:: What is needed ::
Here are some records; copy every line that holds the word "Muscle".

:: Recorded data ::
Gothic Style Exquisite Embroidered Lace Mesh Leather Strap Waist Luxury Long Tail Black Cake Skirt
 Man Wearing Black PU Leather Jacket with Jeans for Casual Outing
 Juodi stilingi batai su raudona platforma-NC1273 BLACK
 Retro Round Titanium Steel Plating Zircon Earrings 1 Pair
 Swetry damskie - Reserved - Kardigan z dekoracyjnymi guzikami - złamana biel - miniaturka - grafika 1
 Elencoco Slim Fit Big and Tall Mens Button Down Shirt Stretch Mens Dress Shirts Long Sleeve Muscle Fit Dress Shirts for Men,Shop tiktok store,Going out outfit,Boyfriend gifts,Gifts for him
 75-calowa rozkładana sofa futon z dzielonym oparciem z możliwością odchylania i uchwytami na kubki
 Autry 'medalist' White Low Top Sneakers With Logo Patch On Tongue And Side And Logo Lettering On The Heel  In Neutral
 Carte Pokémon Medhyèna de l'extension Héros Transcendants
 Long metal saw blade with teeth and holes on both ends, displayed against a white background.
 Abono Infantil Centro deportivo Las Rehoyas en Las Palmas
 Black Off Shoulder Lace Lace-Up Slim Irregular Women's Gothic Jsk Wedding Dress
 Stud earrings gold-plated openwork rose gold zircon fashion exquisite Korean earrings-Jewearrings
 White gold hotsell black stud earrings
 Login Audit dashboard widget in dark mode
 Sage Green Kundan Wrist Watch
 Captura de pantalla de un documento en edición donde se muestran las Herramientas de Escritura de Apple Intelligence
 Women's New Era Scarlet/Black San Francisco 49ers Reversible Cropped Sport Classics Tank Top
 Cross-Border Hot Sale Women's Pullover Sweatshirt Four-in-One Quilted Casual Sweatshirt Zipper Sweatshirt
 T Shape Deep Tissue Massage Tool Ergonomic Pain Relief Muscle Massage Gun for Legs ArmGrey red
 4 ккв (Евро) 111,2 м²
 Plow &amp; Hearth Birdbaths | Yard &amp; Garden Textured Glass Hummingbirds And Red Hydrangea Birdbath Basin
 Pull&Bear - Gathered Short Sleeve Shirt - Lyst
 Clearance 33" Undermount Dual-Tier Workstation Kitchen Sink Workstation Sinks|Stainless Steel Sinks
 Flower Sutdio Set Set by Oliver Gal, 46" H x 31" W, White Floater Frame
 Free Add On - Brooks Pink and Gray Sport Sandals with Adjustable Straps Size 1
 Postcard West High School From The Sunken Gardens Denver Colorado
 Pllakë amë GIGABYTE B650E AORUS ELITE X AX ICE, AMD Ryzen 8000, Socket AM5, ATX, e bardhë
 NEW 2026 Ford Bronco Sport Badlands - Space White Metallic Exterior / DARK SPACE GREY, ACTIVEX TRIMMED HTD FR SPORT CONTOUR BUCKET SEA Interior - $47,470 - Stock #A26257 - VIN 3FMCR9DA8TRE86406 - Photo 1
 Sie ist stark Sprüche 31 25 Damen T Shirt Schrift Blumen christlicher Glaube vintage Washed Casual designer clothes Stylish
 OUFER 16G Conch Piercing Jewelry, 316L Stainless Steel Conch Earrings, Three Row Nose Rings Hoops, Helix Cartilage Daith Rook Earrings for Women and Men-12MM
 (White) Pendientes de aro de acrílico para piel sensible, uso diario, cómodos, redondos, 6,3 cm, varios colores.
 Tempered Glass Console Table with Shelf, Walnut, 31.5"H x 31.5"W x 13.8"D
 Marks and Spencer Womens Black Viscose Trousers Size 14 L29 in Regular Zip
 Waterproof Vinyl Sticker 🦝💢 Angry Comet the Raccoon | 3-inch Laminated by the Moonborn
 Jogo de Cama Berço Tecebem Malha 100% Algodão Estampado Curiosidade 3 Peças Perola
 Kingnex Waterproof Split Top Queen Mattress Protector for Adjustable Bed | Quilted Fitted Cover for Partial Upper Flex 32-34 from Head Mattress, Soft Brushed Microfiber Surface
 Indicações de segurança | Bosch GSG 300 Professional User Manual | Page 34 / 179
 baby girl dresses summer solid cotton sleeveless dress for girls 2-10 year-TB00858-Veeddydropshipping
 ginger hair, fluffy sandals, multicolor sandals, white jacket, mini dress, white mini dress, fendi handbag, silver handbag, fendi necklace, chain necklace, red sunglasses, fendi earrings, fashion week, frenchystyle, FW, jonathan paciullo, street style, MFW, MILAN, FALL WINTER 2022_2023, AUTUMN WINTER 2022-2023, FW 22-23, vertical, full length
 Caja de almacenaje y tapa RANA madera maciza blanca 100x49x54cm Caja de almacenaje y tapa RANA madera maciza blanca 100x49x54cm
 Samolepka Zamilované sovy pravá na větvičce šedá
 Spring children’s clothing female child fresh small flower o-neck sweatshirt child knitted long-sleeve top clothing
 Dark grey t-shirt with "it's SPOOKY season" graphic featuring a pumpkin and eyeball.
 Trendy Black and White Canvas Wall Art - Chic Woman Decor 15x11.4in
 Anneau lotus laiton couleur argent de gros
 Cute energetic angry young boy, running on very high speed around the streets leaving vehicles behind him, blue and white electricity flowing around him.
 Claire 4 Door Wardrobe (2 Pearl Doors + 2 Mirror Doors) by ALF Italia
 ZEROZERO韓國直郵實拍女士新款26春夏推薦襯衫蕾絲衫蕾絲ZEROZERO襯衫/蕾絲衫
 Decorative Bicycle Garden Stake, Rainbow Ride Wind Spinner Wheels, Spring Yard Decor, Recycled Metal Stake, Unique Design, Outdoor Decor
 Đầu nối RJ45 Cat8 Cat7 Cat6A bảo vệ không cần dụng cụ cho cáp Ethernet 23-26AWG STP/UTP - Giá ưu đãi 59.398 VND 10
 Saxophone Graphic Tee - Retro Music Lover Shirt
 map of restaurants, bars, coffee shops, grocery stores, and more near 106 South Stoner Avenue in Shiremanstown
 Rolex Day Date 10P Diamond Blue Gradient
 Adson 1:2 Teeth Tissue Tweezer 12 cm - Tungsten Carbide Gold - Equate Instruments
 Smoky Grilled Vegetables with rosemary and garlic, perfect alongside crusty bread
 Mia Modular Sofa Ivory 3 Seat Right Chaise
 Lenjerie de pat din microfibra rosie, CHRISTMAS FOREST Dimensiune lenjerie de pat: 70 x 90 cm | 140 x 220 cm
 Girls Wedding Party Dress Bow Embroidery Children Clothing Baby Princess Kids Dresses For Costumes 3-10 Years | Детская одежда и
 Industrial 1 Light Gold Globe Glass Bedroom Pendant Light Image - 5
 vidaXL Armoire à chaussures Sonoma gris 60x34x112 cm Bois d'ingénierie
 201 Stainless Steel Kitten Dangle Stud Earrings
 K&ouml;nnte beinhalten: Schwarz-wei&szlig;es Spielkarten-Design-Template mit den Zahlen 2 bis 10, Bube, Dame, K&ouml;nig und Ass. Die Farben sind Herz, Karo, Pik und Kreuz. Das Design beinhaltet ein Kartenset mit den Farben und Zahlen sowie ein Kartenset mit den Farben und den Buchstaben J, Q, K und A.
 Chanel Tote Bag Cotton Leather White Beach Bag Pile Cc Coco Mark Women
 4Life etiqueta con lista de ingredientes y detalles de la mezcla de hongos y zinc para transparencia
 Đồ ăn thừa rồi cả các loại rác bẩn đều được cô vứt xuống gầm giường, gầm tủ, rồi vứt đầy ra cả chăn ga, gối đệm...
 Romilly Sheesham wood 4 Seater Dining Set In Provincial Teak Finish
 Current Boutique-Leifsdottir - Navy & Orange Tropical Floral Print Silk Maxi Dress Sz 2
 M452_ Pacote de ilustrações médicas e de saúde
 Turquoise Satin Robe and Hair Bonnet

:: Answer ::
 Elencoco Slim Fit Big and Tall Mens Button Down Shirt Stretch Mens Dress Shirts Long Sleeve Muscle Fit Dress Shirts for Men,Shop tiktok store,Going out outfit,Boyfriend gifts,Gifts for him
 T Shape Deep Tissue Massage Tool Ergonomic Pain Relief Muscle Massage Gun for Legs ArmGrey red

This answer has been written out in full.